ADLR/megatron-lm!1823 - PyT Dist fix for 24.05 container

mikolajblaz · ericharper · commit 58a8a629befa · 2024-08-09T15:14:24.000-07:00
diff --git a/megatron/core/dist_checkpointing/strategies/torch.py b/megatron/core/dist_checkpointing/strategies/torch.py
@@ -209,6 +209,7 @@ def sharded_tensor_to_torch_sharded_tensor(
         ]
 
     # Create a ShardedTensor without invoking communication.
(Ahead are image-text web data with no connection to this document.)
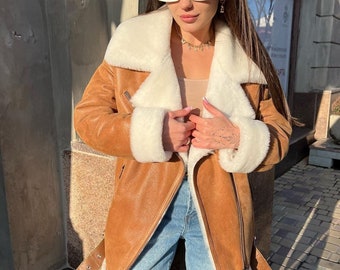 May include: A tan jacket with a white faux fur lining, wide lapels, and cuffs. The jacket features a diagonal front zipper, side pockets with zippers, and a buckled belt at the hem. It is worn over a beige top and light blue denim jeans.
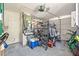 Cluttered garage with storage and exercise equipment at 4928 Petunia Ct, New Port Richey, FL 34652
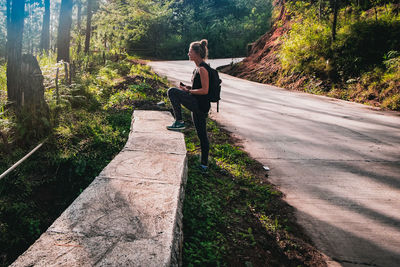 Woman sitting on footpath amidst plants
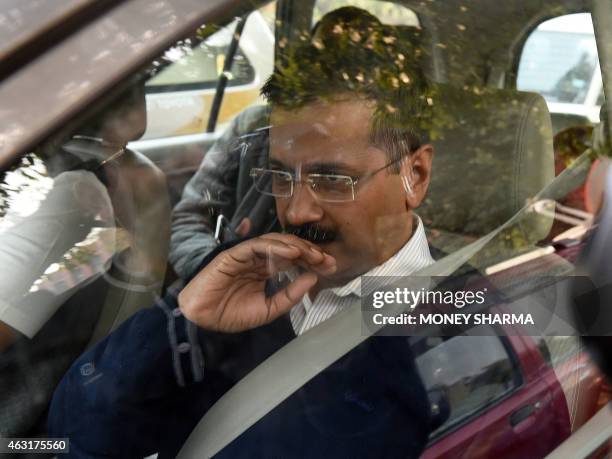 Aam Aadmi Party's Delhi chief minister-designate Arvind Kejriwal arrives for a meeting with Indian Home Minister Rajnath Singh in New Delhi on...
Determine global shards
+    world_size = torch.distributed.get_world_size()
     shard_metadata = []
     # NOTE: here we assume a regular grid of shards
     for fragment_offsets in itertools.product(*map(range, some_sh_ten.axis_fragmentations)):
@@ -232,13 +233,16 @@ def sharded_tensor_to_torch_sharded_tensor(
 
         else:
             # for shards from other ranks we provide simplistic data - this information will be discarded
-            # during TorchShardedTensor._init_from_local_shards_and_global_metadata call
+            # during TorchShardedTensor._init_from_local_shards_and_global_metadata call.
+            # Due to a bug in PyT 24.05 container we must specify some concrete rank within a world size.
+            # The exact rank doesn't matter as long as it's different than my rank - hence (rank + 1) % WS.
+            placement = f"rank:{(rank + 1) % world_size}/cuda"
             if has_flattened_range and not is_flattened_range_1d:
                 offset = offset + (0,)
                 size = (1,) * len(offsets_shape) + global_shape[-1:]
             else:
                 size = offsets_shape
-            shard_metadata.append(ShardMetadata(offset, size, "cuda"))
+            shard_metadata.append(ShardMetadata(offset, size, placement))
 
     tensor = some_sh_ten.data
     sharded_tensor_metadata = ShardedTensorMetadata(